Pastel de Miolos lança novo disco, ‘Novas Ideias, Velhos Ideais’, o quarto da carreira mantendo a sonoridade punk sem soar caricato ou patético.
Em pleno século XXI, manter um discurso político social crítico no mundo da música sem cair nos maneirismos e nas obviedades das bandas zumbis dos anos 80, não é fácil. A veterana banda baiana Pastel de Miolos, da cidade de Lauro de Freitas, vizinha a Salvador, conseguiu em seu novo disco, ‘Novas Ideias, Velhos Ideais’, o quarto da carreira, imprimir a dose certa entre discurso e sonoridade punk sem soar caricato ou patético. Não trazem nada de inovador, não inventam nada, mas fazem muito bem o que se propõe, punk rock com peso certo e letras que acertam em cheio o alvo. São 16 músicas, em sua maioria aceleradas, pesadas, rápidas e curtas (quase nenhuma acima de dois minutos), com guitarras sujas, vocais berrados e críticas ao machismo, a destruição da natureza, o consumismo, ao conformismo, a civilização autodestrutiva e até aos roqueiros que envelhecem e se tornam “homens sérios”.
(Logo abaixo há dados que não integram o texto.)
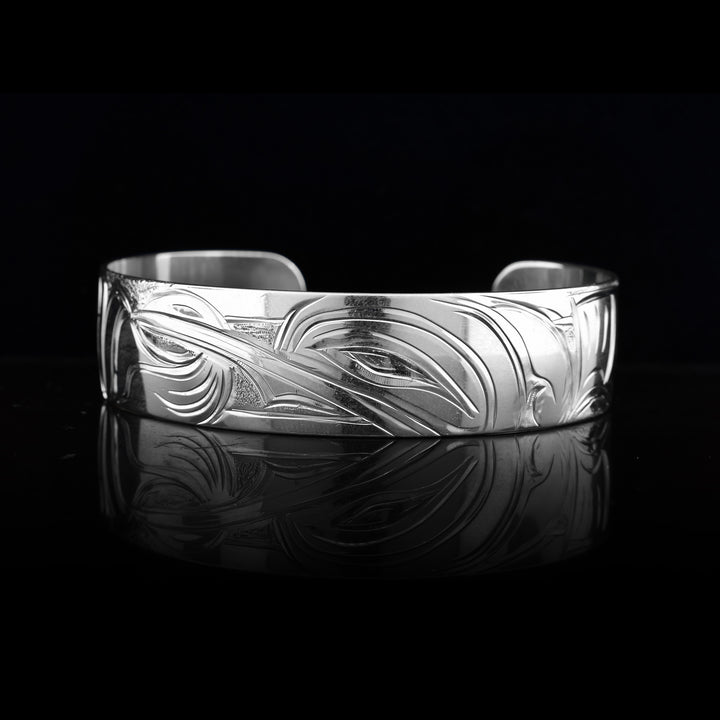 5/8" Sterling Silver Hummingbird Moon Cuff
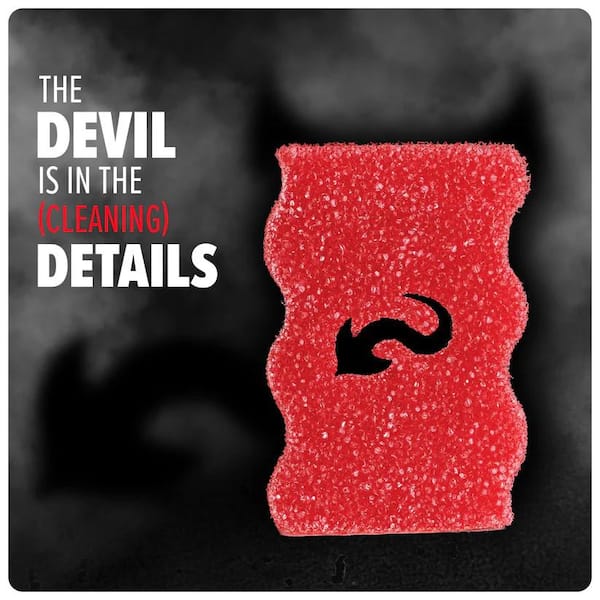 Scrub Devil Sponge, 2-Pack, Temperature Controlled, Scratch Free, Dishwasher Safe, Cleaning and Kitchen Sponge, in Red
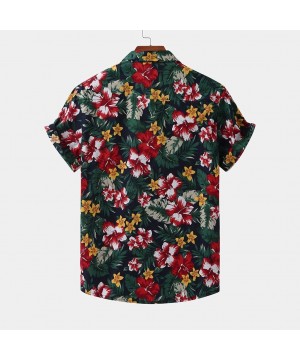 Sleep Tops Fashion Summer Shirts for Men Turn Down Collar Short Sleeve Casual Printed Shirts - Green - C519C9X9CI8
Com 19 anos de estrada, a banda, que hoje tem na formação Alisson PDM, na guitarra, Wilson PDM, na bateria e André PDM, no baixo, e todos eles dividindo os vocais, não se acomodou e conseguiu evitar se transformar no esterótipo de si mesmo. Convocou Jera Cravo para produzir o disco e manteve a sonoridade arejada e atual. É punk como antigamente, mas jovem e com o frescor que o som pede. A maturidade aqui conta a favor e a banda comete um de seus melhores discos.
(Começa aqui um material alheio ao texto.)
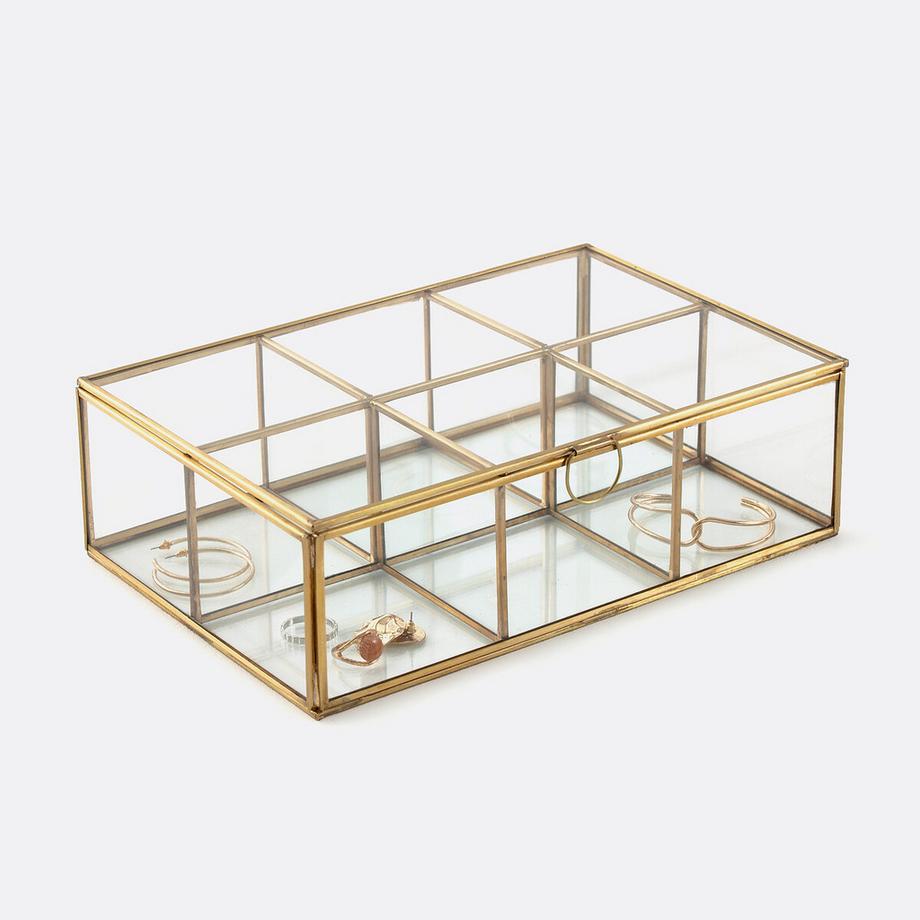 Glasbox Uyova mit Fächern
Em geral, o tom é amargo, meio niilista, desesperançoso, mas não resignado, é inconformado e pró-ativo. Se em Sofrer o trio diz “Eu queria sorrir, Não queria saber, Pois entender é sofrer, E eu não queria sofrer” ou, em A Ilha, “A única certeza: Todos perdidos! Estamos todos perdidos!”, em Desobediência Civil há quase uma convocação para reagir, “Milhões de pequenas ações todos os dias, desobediência civil!, Vamos invadir as ruas! Lutar pelos nossos direitos”. Assim como em Quarterto II, onde a banda prega: “Não desista com os fatos, Assuma o controle da direção, Siga, abra caminho, Enxergue além da visão”.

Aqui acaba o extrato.